• **Task to carry out**
In the records below, begin at the line containing "FKBP52 Antibody (Biotin)" and end at the line containing "Vector Illustration Graphic"; quote every line in that span exactly, including both boundary lines, and no others.

Web page caption snippets

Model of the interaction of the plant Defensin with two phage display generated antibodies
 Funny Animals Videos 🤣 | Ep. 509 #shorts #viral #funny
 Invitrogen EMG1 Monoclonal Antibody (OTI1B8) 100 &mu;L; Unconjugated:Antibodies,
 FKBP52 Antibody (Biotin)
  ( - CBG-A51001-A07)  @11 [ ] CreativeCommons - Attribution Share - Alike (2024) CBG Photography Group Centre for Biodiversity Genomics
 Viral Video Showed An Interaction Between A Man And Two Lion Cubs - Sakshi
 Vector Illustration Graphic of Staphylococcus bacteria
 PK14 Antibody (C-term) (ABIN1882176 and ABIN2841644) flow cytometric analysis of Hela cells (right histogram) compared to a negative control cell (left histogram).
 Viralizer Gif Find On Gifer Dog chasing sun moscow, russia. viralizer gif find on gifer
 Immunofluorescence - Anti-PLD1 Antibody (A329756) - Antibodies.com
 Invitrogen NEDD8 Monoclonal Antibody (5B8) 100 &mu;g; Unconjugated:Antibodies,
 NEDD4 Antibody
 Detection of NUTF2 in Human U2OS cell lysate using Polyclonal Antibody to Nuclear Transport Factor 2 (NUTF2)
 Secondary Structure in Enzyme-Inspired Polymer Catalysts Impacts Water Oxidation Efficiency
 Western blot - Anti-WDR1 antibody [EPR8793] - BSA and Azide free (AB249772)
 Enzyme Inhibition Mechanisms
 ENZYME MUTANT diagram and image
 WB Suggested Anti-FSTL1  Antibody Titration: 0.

• **Task response**
 FKBP52 Antibody (Biotin)
  ( - CBG-A51001-A07)  @11 [ ] CreativeCommons - Attribution Share - Alike (2024) CBG Photography Group Centre for Biodiversity Genomics
 Viral Video Showed An Interaction Between A Man And Two Lion Cubs - Sakshi
 Vector Illustration Graphic of Staphylococcus bacteria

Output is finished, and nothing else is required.